As opposed to REST, versioning isn’t a problem here, as GraphQL is a type-safe architecture. Whenever some fields in GraphQL become deprecated, developers can mark them with special @deprecated directive and let old builds download them. Meanwhile, the current development builds will know not to use outdated fields and rely on newly introduced ones instead.
Finally Choice: When to choose REST vs. GraphQL?
Use REST architecture when:
Your application relies heavily on the data resources pattern and features relatively flat data models with no dense nested relationships between entities.
HTTP edge caching at global CDNs such as CloudFlare and Akamai is crucial to the scalability of your platform, which means that you need a traditional REST API with multiple GET endpoints.
You need to develop a public API for external consumers who already have experience with standard REST-based APIs and HTTP request methods.
Use GraphQL architecture when:
You work with complex frontend products such as social networks, project management dashboards, or extensive e-commerce web applications featuring multi-layered data relationships.
The primary target of your application is mobile users with limited cellular network bandwidth, where over-fetched data and round trips to origin servers is unacceptable.
You need rapid frontend iterations in your application stack where changing UI views is possible without backend engineers’ approval.
Frequently Asked Questions (FAQ)
Is GraphQL faster than REST API?
GraphQL API isn’t faster than the traditional REST one as it depends entirely on the actual architecture and configuration of your application. Although it lets clients pull down several nested relationships of an API at once, making frontend loads appear much quicker, GraphQL may slow down the server parsing of complex queries considerably, requiring extra computational resources compared to simple REST endpoint calls.
What is a GraphQL Mutation?
In a REST API, modifying state records involves interacting with corresponding endpoints using HTTP requests, e.g., POST to create new records, PUT/PATCH to update, and DELETE to delete existing ones. In GraphQL, all write, update, and deletion operations are represented by one type of action called Mutation. They are declared in the GraphQL schema explicitly and allow sending parameters in order to mutate data and query new results.
What is the N+1 problem?
N+1 problem is a common performance bottleneck of the backend server caused by poor data relationship resolution. For example, if a client application requests a collection of 100 blog posts together with their author names (which are stored separately), an inefficient backend resolver will first query all posts and then execute additional 100 queries to get each author.

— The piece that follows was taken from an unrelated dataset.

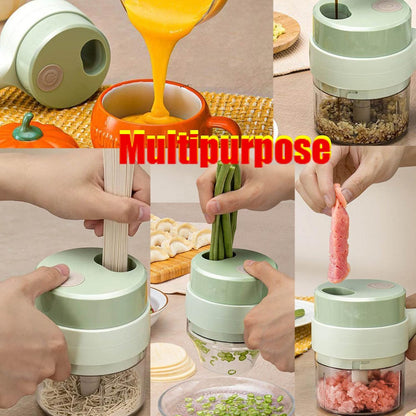 Rechargeable Mini Portable Chopper For Vegetable, Onion, Garlic & etc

Such inefficiency can be solved using batching and caching libraries like Facebook’s DataLoader.
Can a single backend application support both REST and GraphQL?
Sure, why not? This practice is popular among large enterprises and involves running microservices with REST API for receiving public traffic, system logging, and binary file transfers. At the same time, the same application can have a separate REST gateway responsible for powering GraphQL-based frontend interfaces and mobile apps.
How to secure GraphQL endpoints?
One of the risks of working with GraphQL APIs consists of the ability of the client to define arbitrary data fetching requests in its payload. Therefore, attackers may exploit unsecured GraphQL endpoints using recursively defined queries causing backend database to hang and leading to application layer DoS attacks. To avoid this, security teams apply various restrictions to GraphQL queries using such concepts as max-depth, complexity, or white listing.